_Task statement_:
With nothing added and nothing dropped, write out all of the entries below.

[[ Task inputs, beginning ]]

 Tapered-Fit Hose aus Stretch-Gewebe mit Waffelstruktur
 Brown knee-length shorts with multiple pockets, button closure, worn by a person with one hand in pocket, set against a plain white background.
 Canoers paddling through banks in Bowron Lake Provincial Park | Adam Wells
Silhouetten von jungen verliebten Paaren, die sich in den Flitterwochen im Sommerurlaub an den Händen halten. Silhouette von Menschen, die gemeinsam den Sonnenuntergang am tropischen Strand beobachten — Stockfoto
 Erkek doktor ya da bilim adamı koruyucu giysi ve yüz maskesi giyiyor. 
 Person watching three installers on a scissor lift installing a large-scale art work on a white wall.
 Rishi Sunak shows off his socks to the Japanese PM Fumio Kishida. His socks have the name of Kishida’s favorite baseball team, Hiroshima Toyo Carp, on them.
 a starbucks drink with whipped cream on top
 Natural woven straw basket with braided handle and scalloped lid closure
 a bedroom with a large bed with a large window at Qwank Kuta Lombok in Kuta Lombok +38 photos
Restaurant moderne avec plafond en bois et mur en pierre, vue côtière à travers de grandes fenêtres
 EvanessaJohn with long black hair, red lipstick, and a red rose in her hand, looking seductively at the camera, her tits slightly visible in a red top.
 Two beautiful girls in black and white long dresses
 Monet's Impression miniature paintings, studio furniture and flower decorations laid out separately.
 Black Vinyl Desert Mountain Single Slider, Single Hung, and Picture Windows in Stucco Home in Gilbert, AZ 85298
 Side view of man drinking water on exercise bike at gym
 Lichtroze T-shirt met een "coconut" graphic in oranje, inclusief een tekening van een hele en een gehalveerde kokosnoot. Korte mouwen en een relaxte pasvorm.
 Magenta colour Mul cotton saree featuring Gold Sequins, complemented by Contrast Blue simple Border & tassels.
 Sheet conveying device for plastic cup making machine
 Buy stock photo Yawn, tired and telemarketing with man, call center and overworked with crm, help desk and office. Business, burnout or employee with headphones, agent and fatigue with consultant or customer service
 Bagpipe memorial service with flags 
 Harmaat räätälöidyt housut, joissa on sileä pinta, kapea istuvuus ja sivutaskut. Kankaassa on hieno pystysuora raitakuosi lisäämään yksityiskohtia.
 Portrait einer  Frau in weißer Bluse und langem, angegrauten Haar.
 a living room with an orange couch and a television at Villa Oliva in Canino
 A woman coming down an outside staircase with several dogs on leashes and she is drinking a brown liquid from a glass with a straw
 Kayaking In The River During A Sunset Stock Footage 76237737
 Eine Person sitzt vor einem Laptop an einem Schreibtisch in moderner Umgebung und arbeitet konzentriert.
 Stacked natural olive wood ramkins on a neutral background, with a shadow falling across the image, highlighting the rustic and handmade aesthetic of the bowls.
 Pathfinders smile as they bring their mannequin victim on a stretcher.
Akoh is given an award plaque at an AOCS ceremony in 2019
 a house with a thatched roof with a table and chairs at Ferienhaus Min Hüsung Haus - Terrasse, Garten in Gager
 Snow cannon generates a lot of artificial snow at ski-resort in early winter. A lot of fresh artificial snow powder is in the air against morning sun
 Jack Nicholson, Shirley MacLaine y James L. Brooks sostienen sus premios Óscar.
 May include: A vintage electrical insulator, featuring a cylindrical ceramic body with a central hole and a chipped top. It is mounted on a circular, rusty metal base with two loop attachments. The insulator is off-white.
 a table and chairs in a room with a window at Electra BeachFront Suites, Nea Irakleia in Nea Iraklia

[[ Task inputs, end ]]

_Finished task_:
 Tapered-Fit Hose aus Stretch-Gewebe mit Waffelstruktur
 Brown knee-length shorts with multiple pockets, button closure, worn by a person with one hand in pocket, set against a plain white background.
 Canoers paddling through banks in Bowron Lake Provincial Park | Adam Wells
Silhouetten von jungen verliebten Paaren, die sich in den Flitterwochen im Sommerurlaub an den Händen halten. Silhouette von Menschen, die gemeinsam den Sonnenuntergang am tropischen Strand beobachten — Stockfoto
 Erkek doktor ya da bilim adamı koruyucu giysi ve yüz maskesi giyiyor. 
 Person watching three installers on a scissor lift installing a large-scale art work on a white wall.
 Rishi Sunak shows off his socks to the Japanese PM Fumio Kishida. His socks have the name of Kishida’s favorite baseball team, Hiroshima Toyo Carp, on them.
 a starbucks drink with whipped cream on top
 Natural woven straw basket with braided handle and scalloped lid closure
 a bedroom with a large bed with a large window at Qwank Kuta Lombok in Kuta Lombok +38 photos
Restaurant moderne avec plafond en bois et mur en pierre, vue côtière à travers de grandes fenêtres
 EvanessaJohn with long black hair, red lipstick, and a red rose in her hand, looking seductively at the camera, her tits slightly visible in a red top.
 Two beautiful girls in black and white long dresses
 Monet's Impression miniature paintings, studio furniture and flower decorations laid out separately.
 Black Vinyl Desert Mountain Single Slider, Single Hung, and Picture Windows in Stucco Home in Gilbert, AZ 85298
 Side view of man drinking water on exercise bike at gym
 Lichtroze T-shirt met een "coconut" graphic in oranje, inclusief een tekening van een hele en een gehalveerde kokosnoot. Korte mouwen en een relaxte pasvorm.
 Magenta colour Mul cotton saree featuring Gold Sequins, complemented by Contrast Blue simple Border & tassels.
 Sheet conveying device for plastic cup making machine
 Buy stock photo Yawn, tired and telemarketing with man, call center and overworked with crm, help desk and office. Business, burnout or employee with headphones, agent and fatigue with consultant or customer service
 Bagpipe memorial service with flags 
 Harmaat räätälöidyt housut, joissa on sileä pinta, kapea istuvuus ja sivutaskut. Kankaassa on hieno pystysuora raitakuosi lisäämään yksityiskohtia.
 Portrait einer  Frau in weißer Bluse und langem, angegrauten Haar.
 a living room with an orange couch and a television at Villa Oliva in Canino
 A woman coming down an outside staircase with several dogs on leashes and she is drinking a brown liquid from a glass with a straw
 Kayaking In The River During A Sunset Stock Footage 76237737
 Eine Person sitzt vor einem Laptop an einem Schreibtisch in moderner Umgebung und arbeitet konzentriert.
 Stacked natural olive wood ramkins on a neutral background, with a shadow falling across the image, highlighting the rustic and handmade aesthetic of the bowls.
 Pathfinders smile as they bring their mannequin victim on a stretcher.
Akoh is given an award plaque at an AOCS ceremony in 2019
 a house with a thatched roof with a table and chairs at Ferienhaus Min Hüsung Haus - Terrasse, Garten in Gager
 Snow cannon generates a lot of artificial snow at ski-resort in early winter. A lot of fresh artificial snow powder is in the air against morning sun
 Jack Nicholson, Shirley MacLaine y James L. Brooks sostienen sus premios Óscar.
 May include: A vintage electrical insulator, featuring a cylindrical ceramic body with a central hole and a chipped top. It is mounted on a circular, rusty metal base with two loop attachments. The insulator is off-white.
 a table and chairs in a room with a window at Electra BeachFront Suites, Nea Irakleia in Nea Iraklia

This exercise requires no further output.